Part of the “season of scams” at that time included $40 billion in revenues lost from the crooked sale of 2G telecoms licences; and over $40 billion was stolen in Uttar Pradesh from schemes subsidising food and fuel for the poor. In March the Economist described India as “a rotten state”. The Indian Parliament was told this week that the economy has lost an estimated $462 billion in illicit transfers. That provides background to a dramatic mobilisation this year of communities across India seeking an effective response to corruption.

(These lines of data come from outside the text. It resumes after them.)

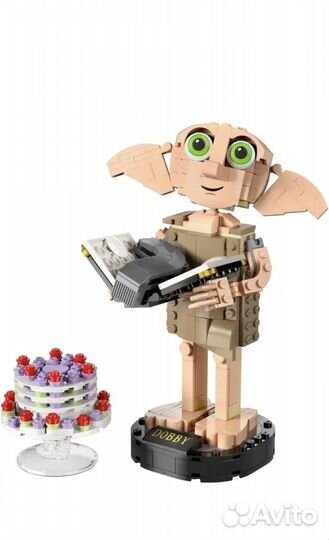 Конструктор Harry Potter 76421 Домовой эльф Добби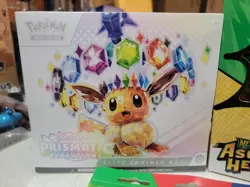 Pokemon TCG Prismatic Evolutions ETB, Ascended hero’s Mega Meganium EX Box + Ext - Image 2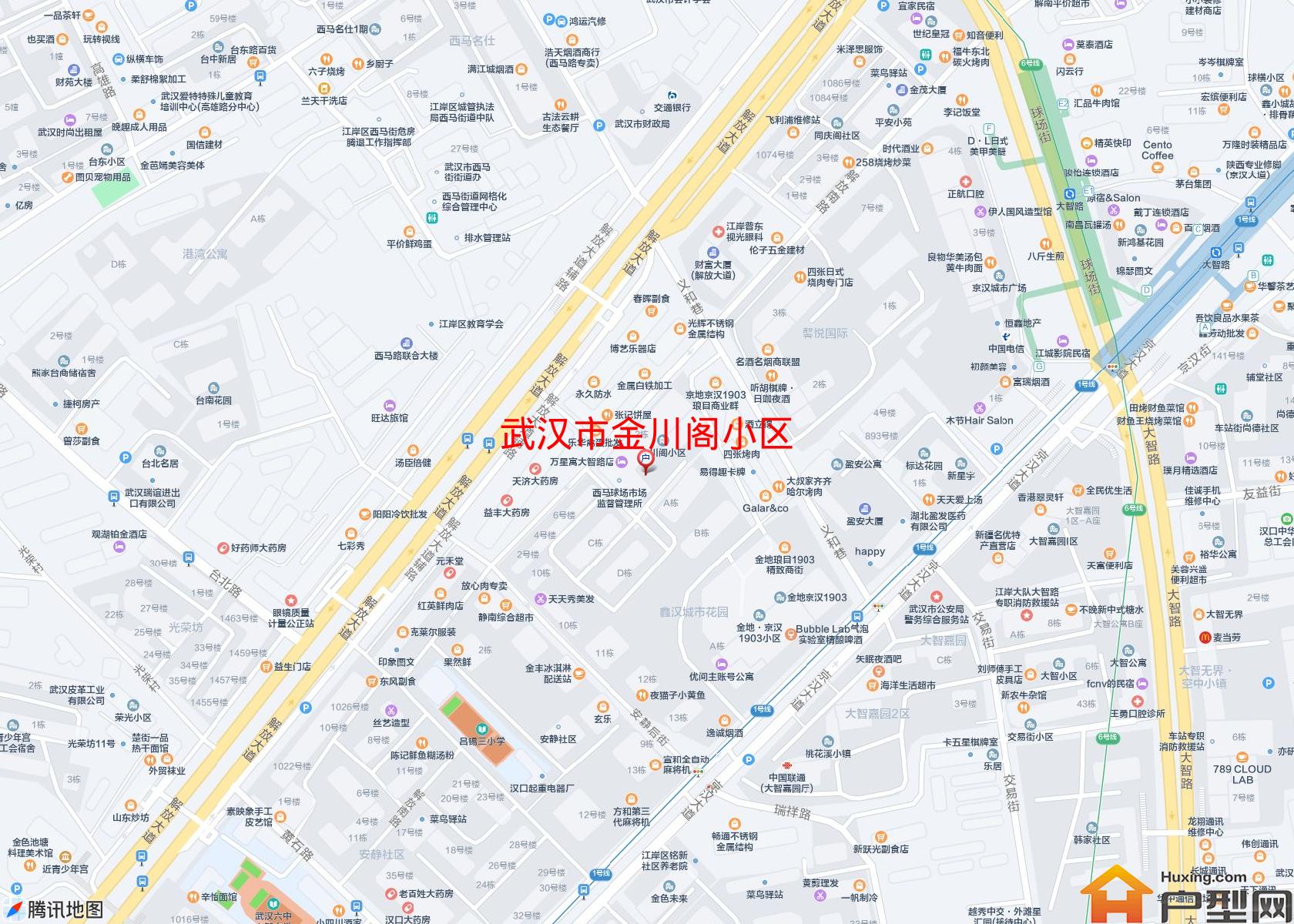 金川阁小区小区 - 户型网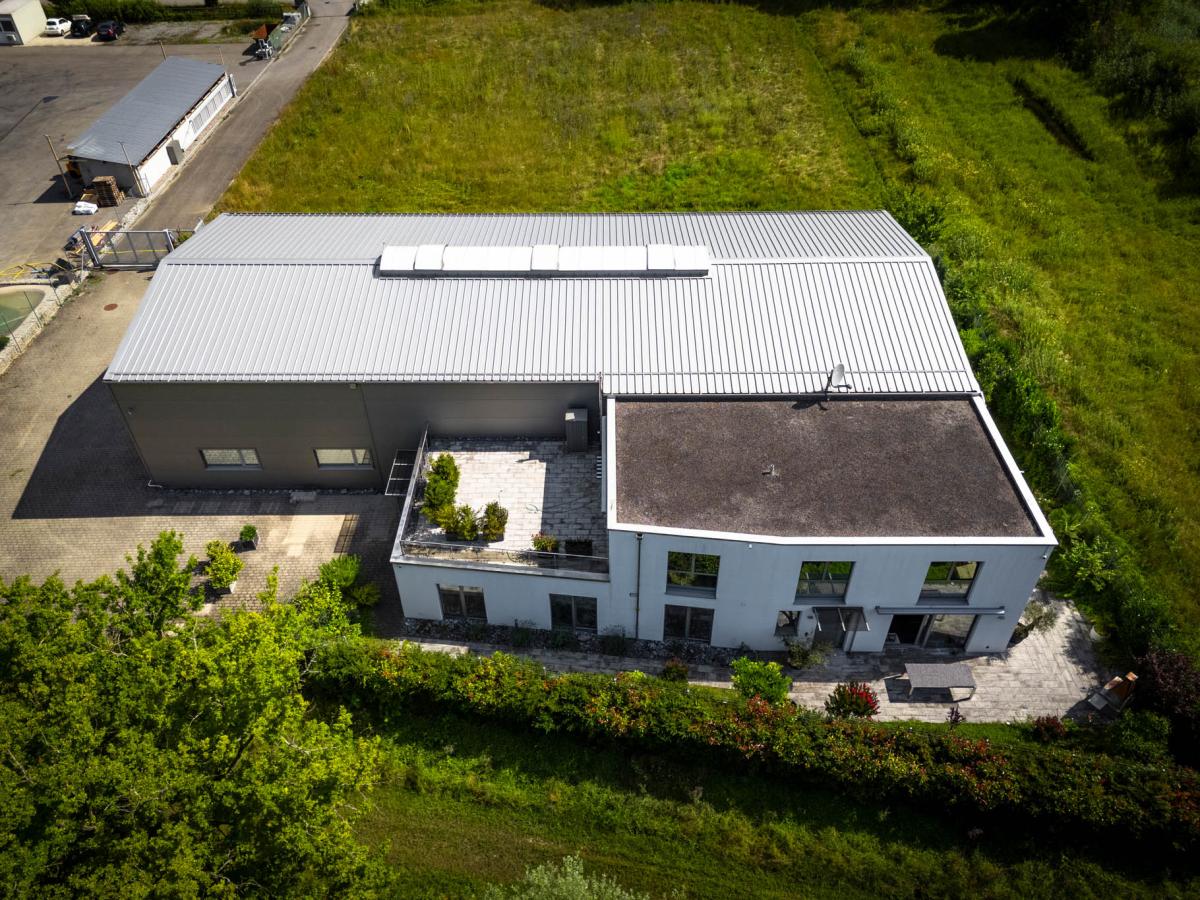 "Moderne Gewerbe / Industriehalle mit angrenzendem Bürogebäude in Bad Zurzach  / AG - Bild# 12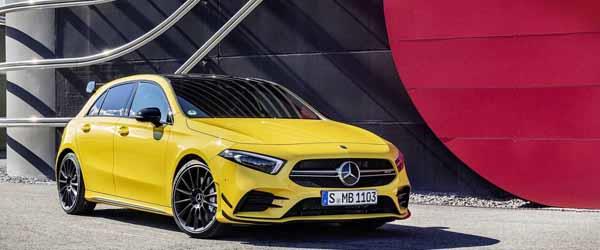 Yeni nesil Mercedes-AMG A35 4MATIC Türkiye’de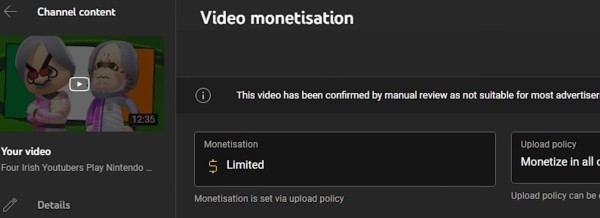 
                Я запрещаю вам *****. Блогеры массово жалуются на YouTube — сервис ограничил монетизацию старых роликов с матом
            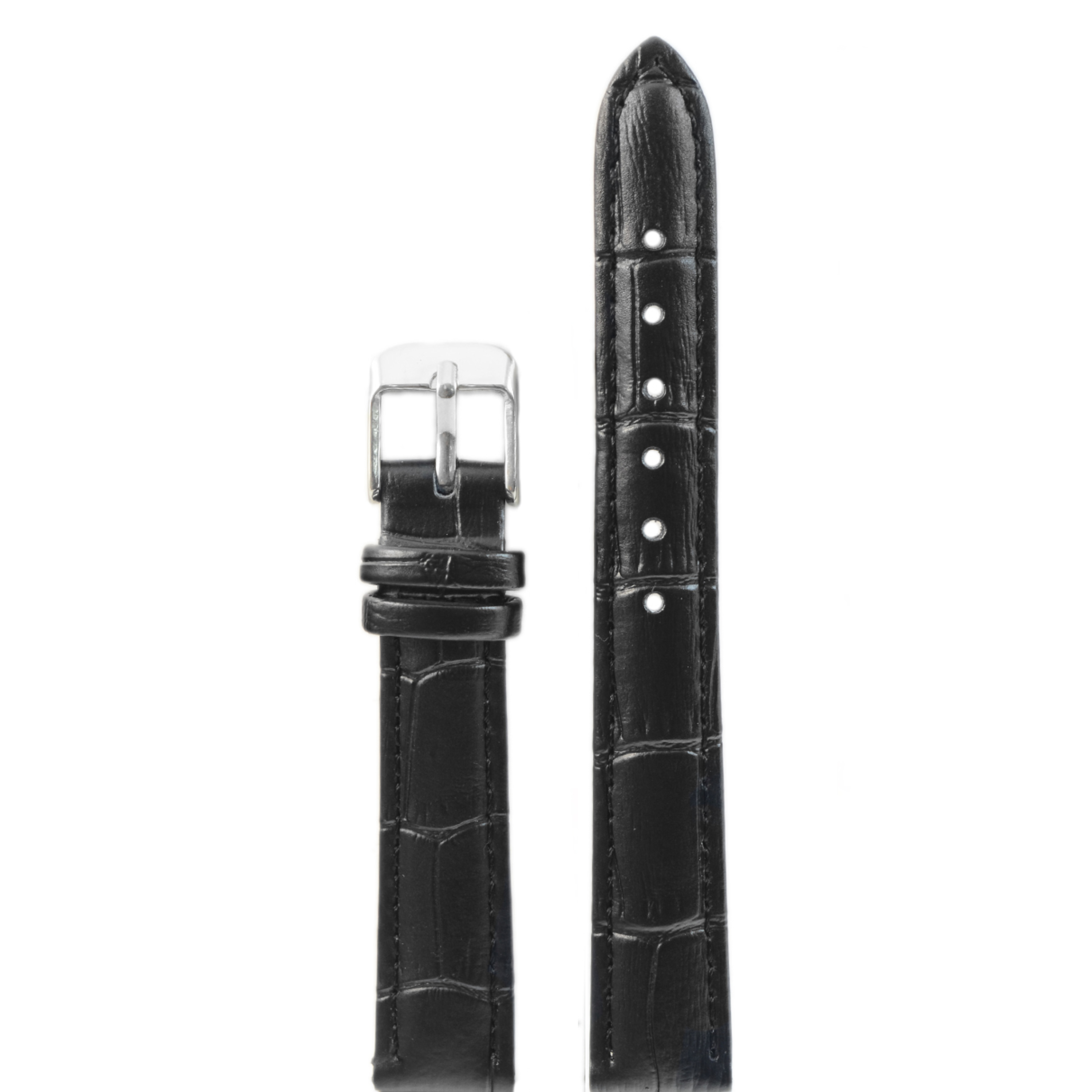 

Ремешок из двух частей женский MM-Alliance S-01 черный, S-01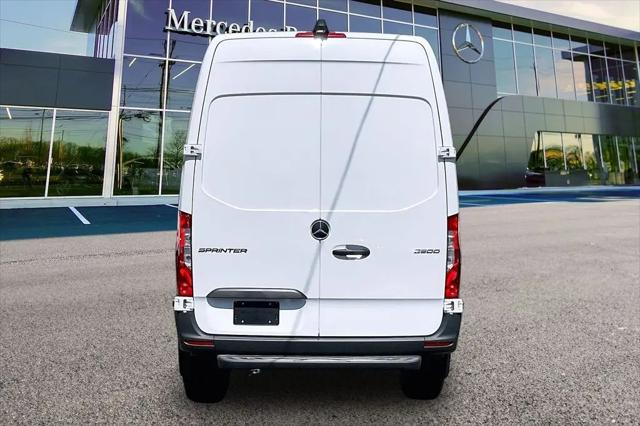 2026 Mercedes-Benz Sprinter 2500 Standard Roof 4-Cyl Diesel HO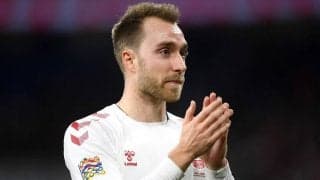 エリクセンが退院後初めて確認…ビーチでファンの写真撮影に応じる「元気そうに見えた」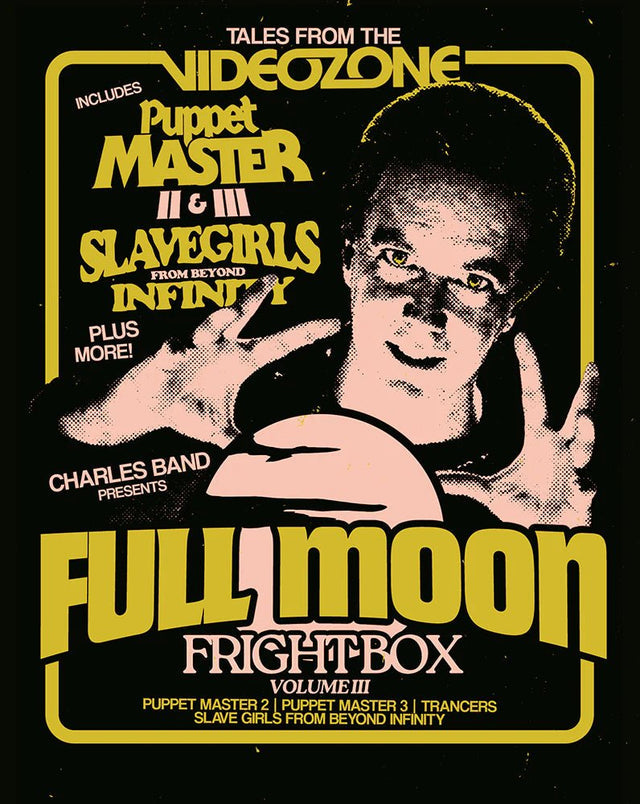 Full Moon Fright Box Vol. 3 - Umbrella - Blu-ray Region Free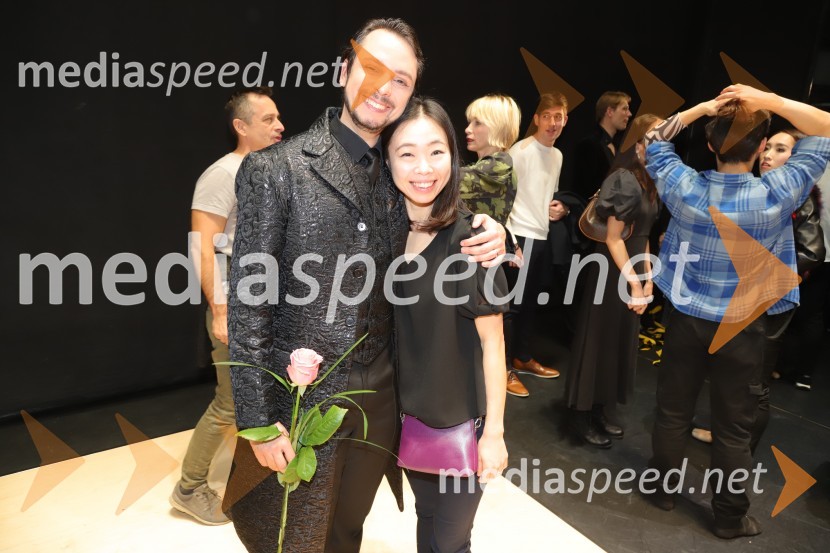  Alexandru Pilca, baletni plesalec;  Satomi Netsu, baletna plesalkaMadame Bovary, premiera baleta v SNG Maribor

A growing movement has formed about Anna Hazare, an Gandhian type of activist, who has being using hunger strikes for publicity. His prominence is a reflection of cynicism about the government’s commitment to controlling corruption. Proposed official action is decried as being likely to produce an ineffectual series of committees that will enable the political and commercial elites to continue transferring assets out of India. Many of the largest corruption incidents currently in the news, involving about $25 billion, are linked to prominent members of the ruling Congress Party.
The movement’s leaders are promoting legislation that will criminalise the transfer of funds. They want any investments banked offshore (estimated to involve up to U$1400 billion) on which tax was not first paid, declared to be the “wealth of the nation”. Demonstrations, unconnected with existing political parties, are occurring across India. Hazare was detained this week on charges of inciting disorder as he began a hunger strike. More demonstrations led to government intervention and his release.
The harm done by corruption in India is illustrated in the World Bank Ease of Doing Business Index. New Zealand is the 3rd easiest place to do business based on the 9 index components. India is at 134th place.